It’s time for bike, e-mobility, and transit riders to team up against the real enemy. With the Rose Lane project underway and e-bikes on the horizon, Portland should consider more carfree lanes.
– A guest opinion from Portland resident Henry Miller
“I am a lover of our bike lanes and our bike share system, but holy-moly we ain’t seen nothing yet.”
It would have been easy to start panicking when I hopped on my first e-assist rental bike. The buttons were sticky, the screen was difficult to decipher, cars were buzzing by, the cobblestones were slick from rain and, oh yeah, I was four thousand miles away from Portland’s familiar bike lanes.
Fortunately, and I was not prepared for this, biking across Paris is a dazzling dream made up of plentiful bike lanes, famous architecture, and soft-spoken French automobiles. But best of all, was riding the Parisian bike share system’s e-bike in the city’s many shared bike/transit/taxi lanes.
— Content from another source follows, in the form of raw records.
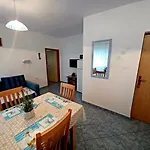 Apartment Prskalo - *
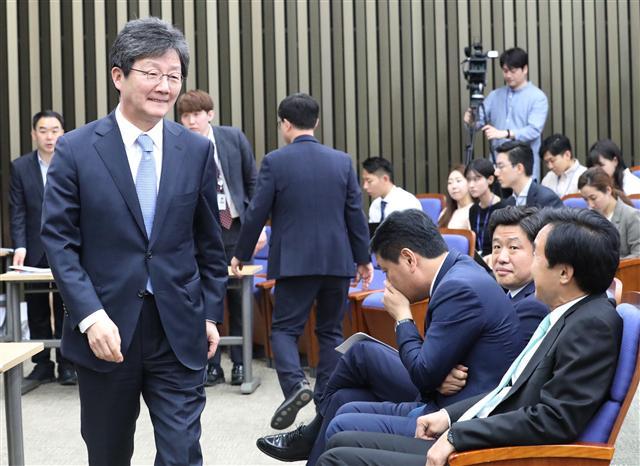 지난 15일 국회에서 열린 바른미래당 원내대표 선출 의원총회에서 유승민 의원(왼쪽)이 투표를 마치고 있다. 이날 유 의원이 응원한 오신환 의원이 원내대표로 선출됐다.  [연합]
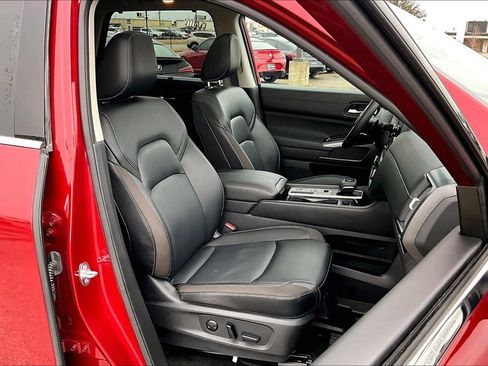 Used 2024 Nissan Pathfinder SL w/ SL Premium Package FWD image 9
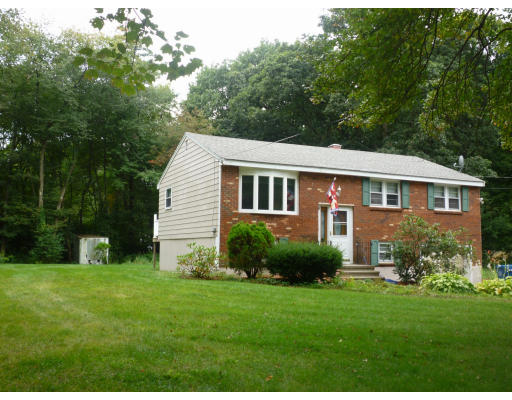 a view of a house with backyard and garden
As an employee of Biketown, I know our bike system. I know how to zip from northeast Mississippi to the South Waterfront while almost never rolling outside a designated bike lane. I am a lover of our bike lanes and our bike share system, but holy-moly we ain’t seen nothing yet.
It’s not hard to imagine the benefits of an e-bike — no distance is too far, no hill to steep, and no sweaty armpits when you get to your destination. Yet having superbikes, which are expected to come to Biketown next year, only addresses half of what makes a bike system great. The other half is bike infrastructure that makes biking (and all micro-mobility vehicles for that matter) as appealing as driving. Paris accomplishes the second feat by dedicating entire lanes on crucial streets across the city to bus, taxi (but not Lyft or Uber), bike, and e-mobility (scooters mostly) riders.
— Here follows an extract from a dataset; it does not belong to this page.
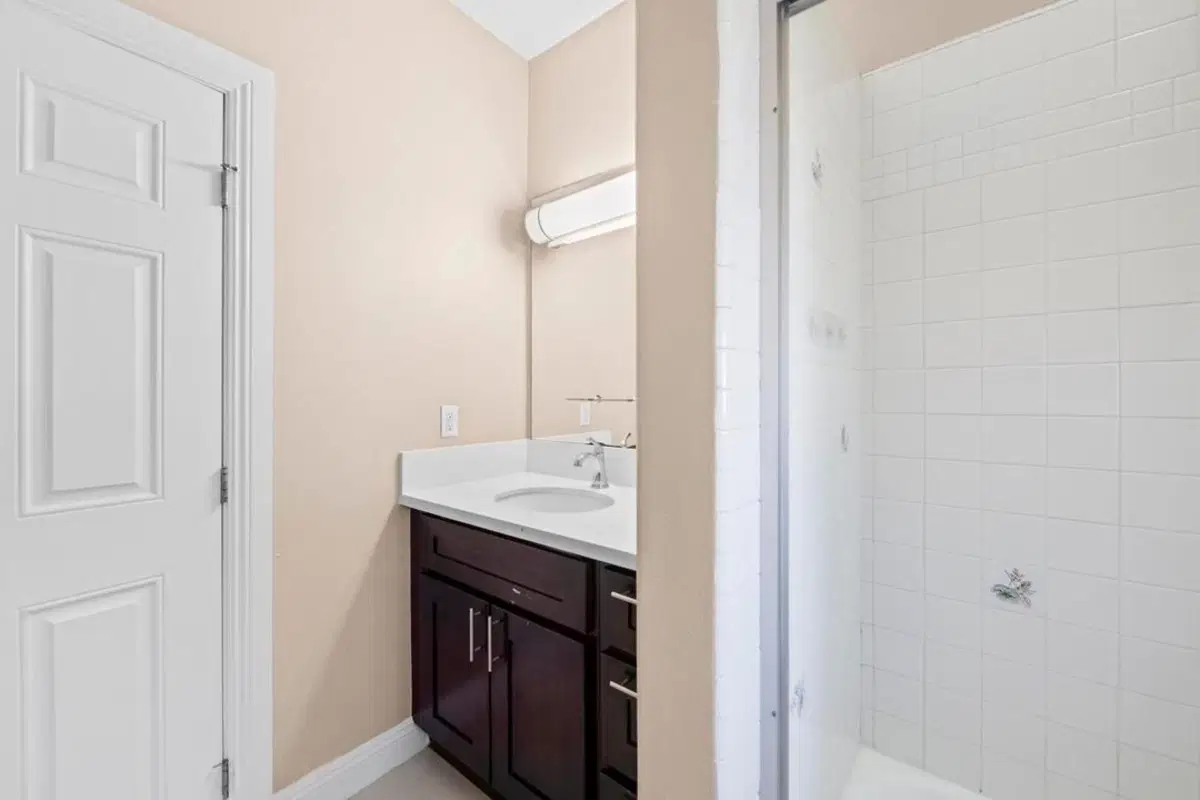 2660 Orchard Ave, Los Angeles – Bathroom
At first glance, that did not seem like a good idea. I was terrified of ending up in front of a flustered cabbie or, infinitely worse, under the wheel of a bus. Then I realized something as I darted from landmark to landmark and commercial street to neighborhood alley: I wasn’t sharing the lane with bus drivers because we are the same size or same speed, but because people in cars outnumber us. I wasn’t using bike infrastructure. I was using carfree infrastructure. This is the perspective shift that could allow Portland to provide better transit, better bike, and better e-mobility systems at the same time.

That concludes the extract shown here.